[Data excerpts]
=======

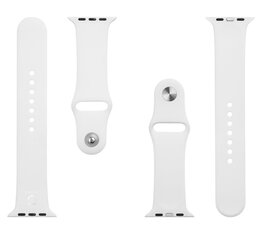 Tactical 499 Silicone Band for Apple Watch 1/2/3/4/5/6/7/SE 42/44/45mm White цена и информация | Аксессуары для смарт-часов и браслетов | pigu.lt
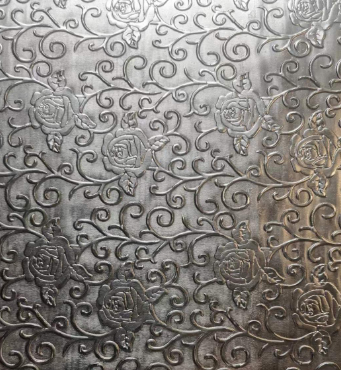 Stainless steel embossed sheets - rose (alumiun plate)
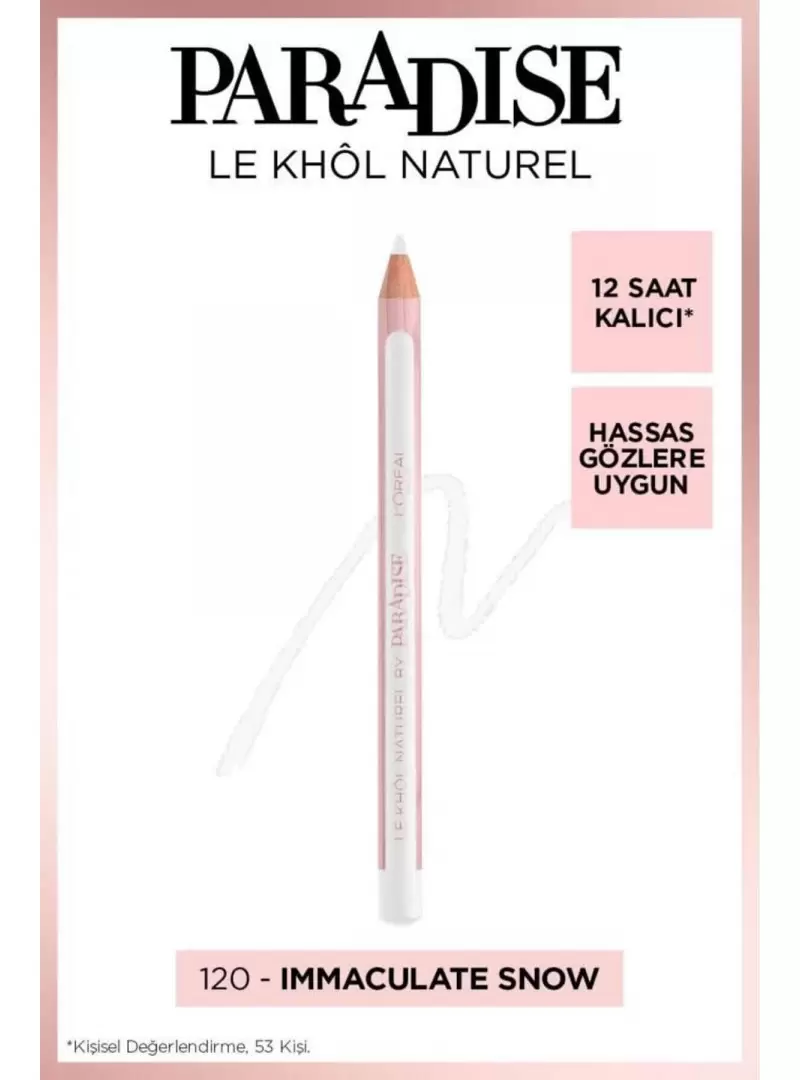 Loreal Paris Paradise Le Khol Göz Kalemi 120 Immaculate Snow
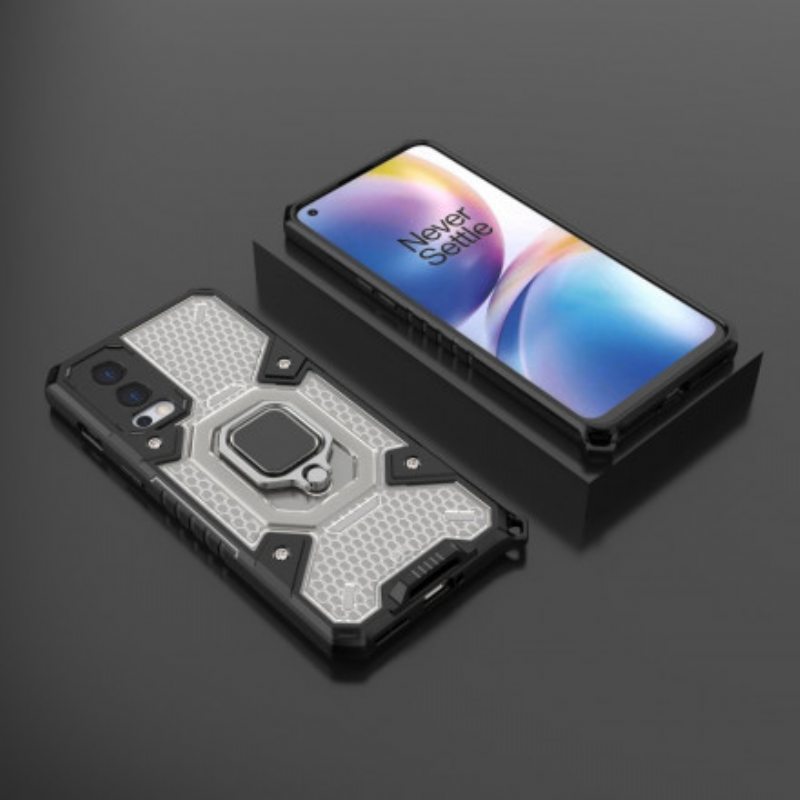 Case OnePlus Nord 2 5G Hunajakenno Renkaalla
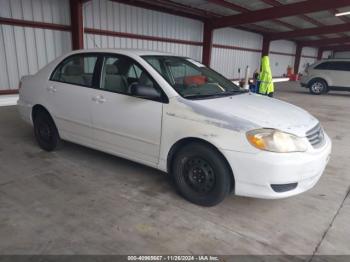  Salvage Toyota Corolla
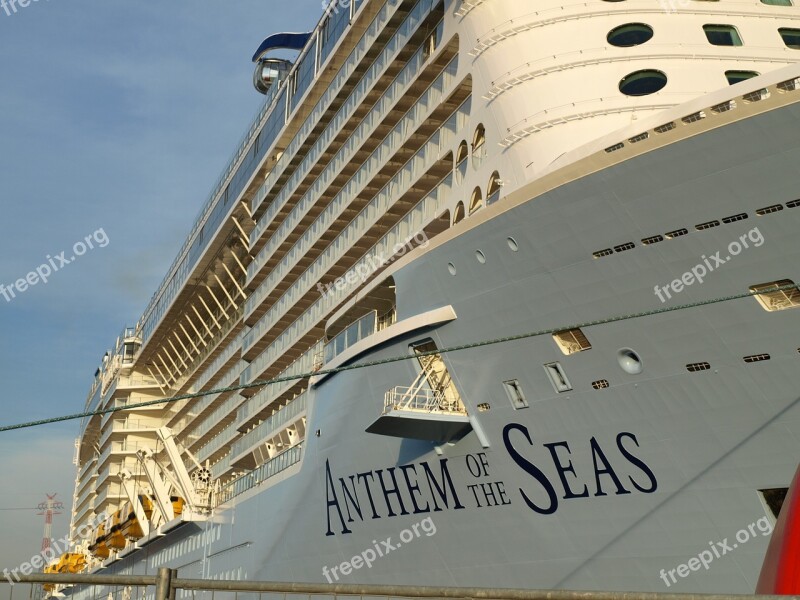 Anthem Of The Seas Cruise Ship Ozeanriese Cruise Large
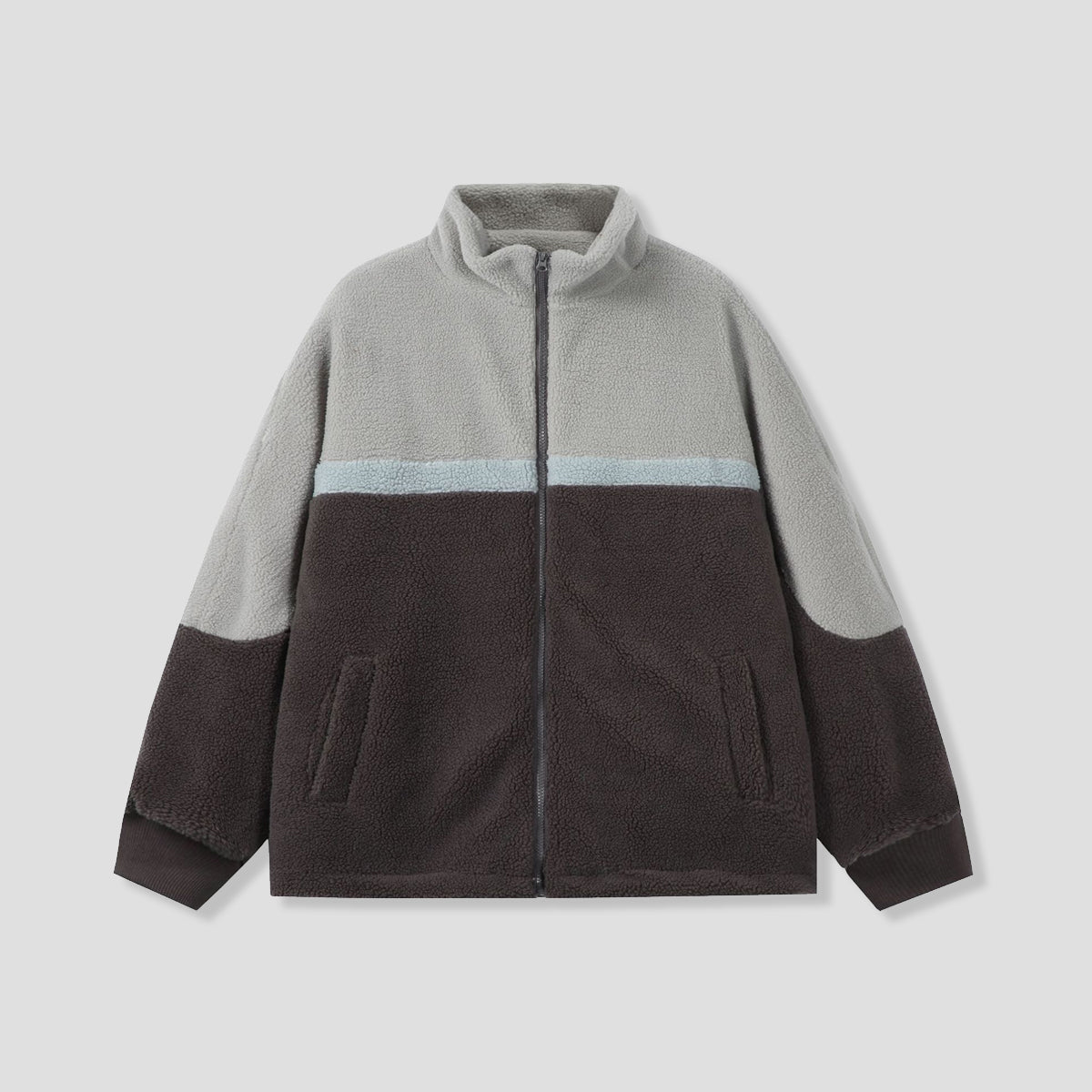 ボーダーブロック ボアジャケット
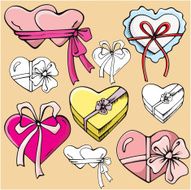 Gift Illustrations VIII Heart Shapes (Vector)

=======

(What is being asked)
Each line of the data above must be reproduced as written. Skip the pictures.

(Completed task)
 Tactical 499 Silicone Band for Apple Watch 1/2/3/4/5/6/7/SE 42/44/45mm White цена и информация | Аксессуары для смарт-часов и браслетов | pigu.lt
 Stainless steel embossed sheets - rose (alumiun plate)
 Loreal Paris Paradise Le Khol Göz Kalemi 120 Immaculate Snow
 Case OnePlus Nord 2 5G Hunajakenno Renkaalla
  Salvage Toyota Corolla
 Anthem Of The Seas Cruise Ship Ozeanriese Cruise Large
 ボーダーブロック ボアジャケット
 Gift Illustrations VIII Heart Shapes (Vector)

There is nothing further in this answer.